Connaughton described Wehrum as a “lawyer’s lawyer” who is deeply familiar with the Clean Air Act and programs at EPA and seeks to understand all sides of a given issue.
“He’s not dogmatic in any particular way,” Connaughton said.
Like other Trump administration picks, Wehrum has strong ties to industries he could soon be tasked with regulating.
He currently leads the administrative law group at Hunton & Williams, where he represents utility clients as well as companies and trade associations in the oil and gas sector, chemical manufacturing and minerals processing. The law firm has a reputation for combating environmental regulations.
Wehrum started his career as a chemical engineer, and the experience helped frame his focus in environmental law. During his confirmation hearing to become assistant administrator of the air office in 2006, he explained that the regulations he saw on the job appeared to have been written without a clear understanding of how the rules would function in practice.
“I became acutely aware of the need for clear and concise rules,” he told the Senate Environment and Public Works Committee.
Wehrum began attending night classes at the Widener University School of Law while still working as a chemical engineer by day, so that he could eventually begin practicing environmental law.
He added that his interest in clean air was also personal: As a runner who frequently ran alongside roads in Washington, D.C., he appreciated firsthand the progress made to limit air pollution and the work that still needed to be done.
Manner shouldn’t ‘be mistaken for moderation’
A former EPA official described Wehrum as “a very thoughtful person” who reacts “more to logic than emotion.”
“He’s going into it for all the right reasons, I think. This is not a resume builder for Bill; he’s basically going back to the job he had before,” the official said. “I think he is going into it because he wants the agency to work.”
Another former EPA official said Wehrum is more conservative than Holmstead, who brought him into the agency initially as his counsel.
“He’s a smart and tough guy.

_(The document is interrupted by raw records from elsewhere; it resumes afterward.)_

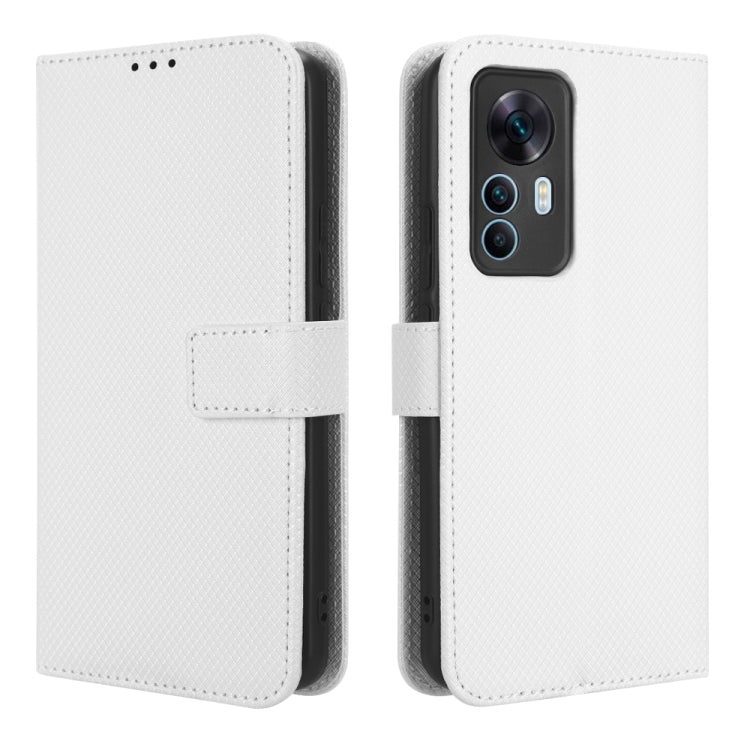 For Xiaomi 12T / Redmi K50 Ultra Diamond Texture Leather Phone Case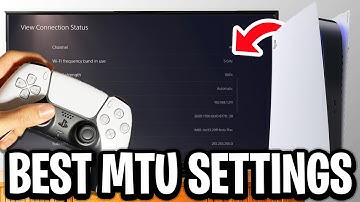 Best MTU Settings For PS5 - Fix Packet Loss And Lag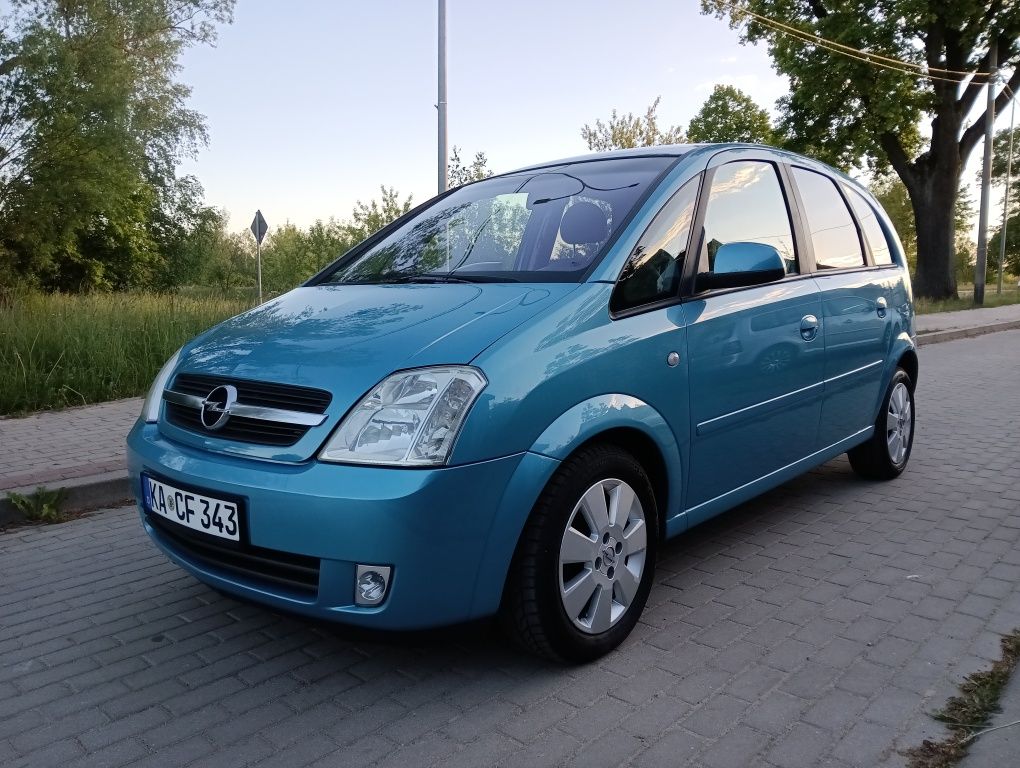 _Opel Meriva 1.6 _Stan BDB_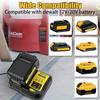 Safety Electric Tool Charger Replacement DCB112 Battery Charger Plug  10.8V/14.4V /18V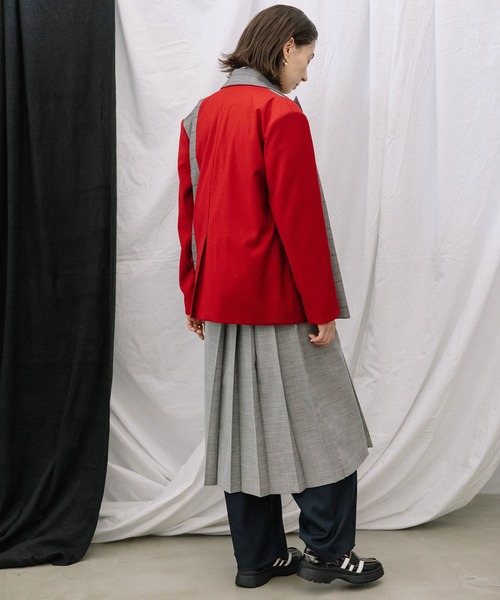 MARECHAL TERRE(マルシャルテル)の「プリーツラップスカート×パンツ(その他パンツ・レディース・ブラウン/ブラック/グレー/ネイビー系・M)」の21枚目の写真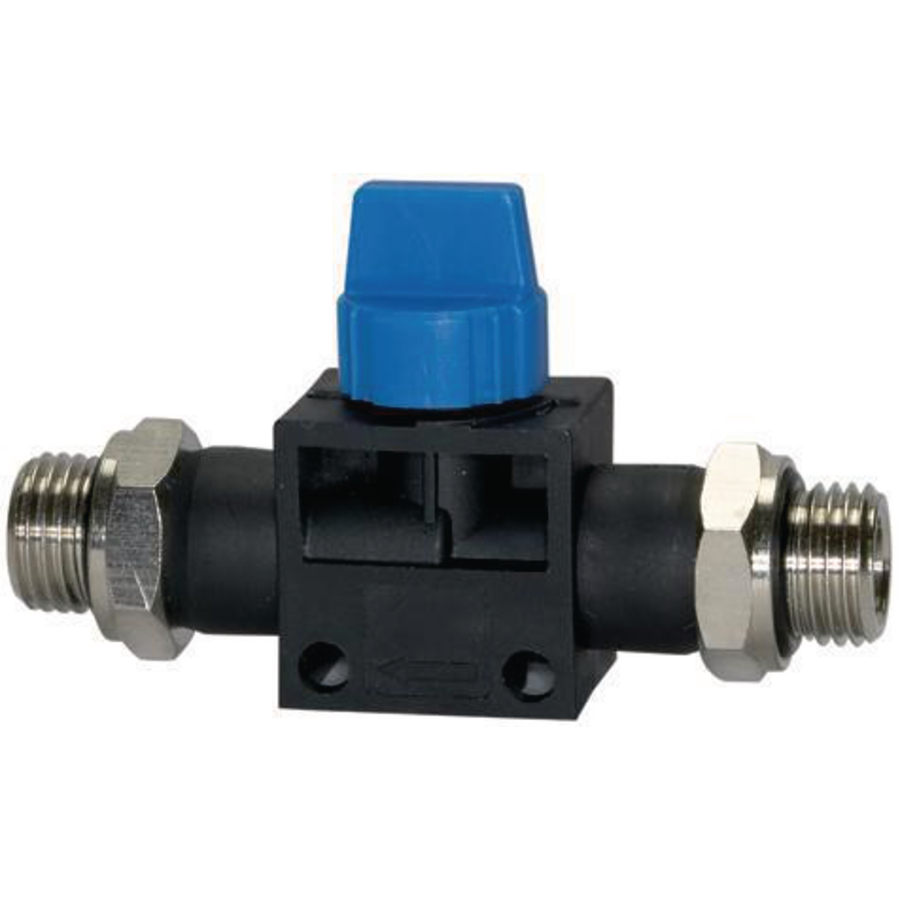 Shut-off valve blue series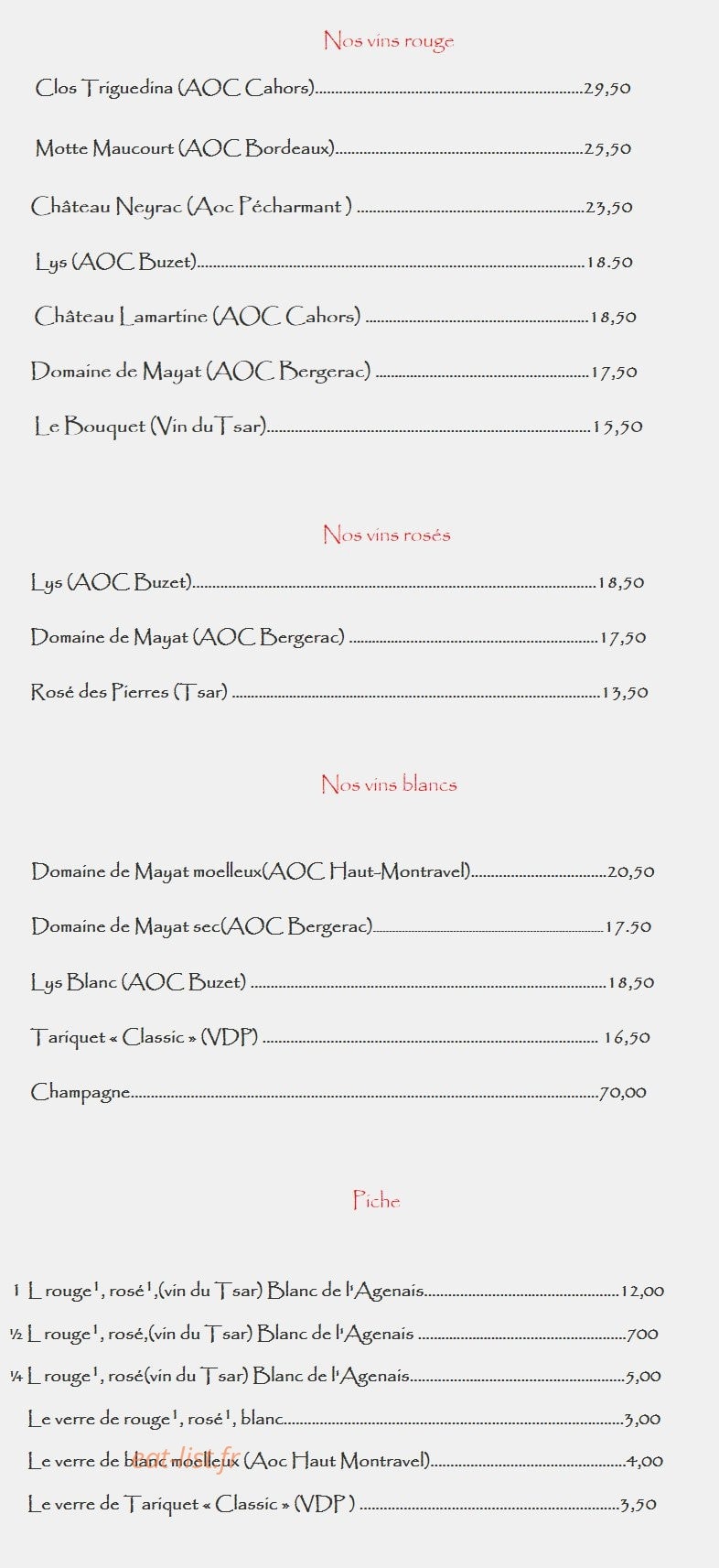 Le Beffroi — carte page 5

He has a quiet manner that should not be mistaken for moderation,” the official said. “He will probably get along well with Pruitt.”
Some sources critical of Wehrum’s work pointed out that he and Holmstead have had a poor record when their efforts to control pollution have been challenged in court.
They also broadly criticized the Bush administration for its failure to address greenhouse gas emissions. Regulations addressing climate change were largely absent during Wehrum’s tenure at the agency. The Trump administration so far seems to be following a similar path through its exit from the Paris Agreement, rollback of the Clean Power Plan and stay of methane regulations for the oil and gas industry and landfills.
Wehrum was at EPA long enough to see the Bush administration’s interpretation that the Clean Air Act didn’t cover greenhouse gases overturned in the Massachusetts v. EPA 2007 Supreme Court decision. He was involved with initial agency discussions about the decision, which continued after he left.
One former official said that Wehrum would follow the data in his response to climate change.
“He has an analytical mind. It’s a matter of proof and evidence, and I think he would tend to go where that led him,” the former official said.
Wehrum may have to face some of the same objections to his tenure at EPA that he faced during his failed confirmation process to lead the air office. Senate Democrats sharply opposed his nomination, and the president eventually withdrew his nomination.
“Mr. Wehrum’s record at EPA has demonstrated to me a pattern of discounting health impacts and ignoring scientific findings, and substituting industry positions for the clear intent of Congress,” then-Sen. Barbara Boxer (D-Calif.) said at an Environment and Public Works Committee hearing in 2006.
Wehrum’s supporters expect he’ll be well-received at an agency where the new political team is largely composed of appointees with little or no previous experience at EPA.
“I think the staff will welcome him; in fact, I’m sure of it,” said a former EPA official.
Reporter Robin Bravender contributed.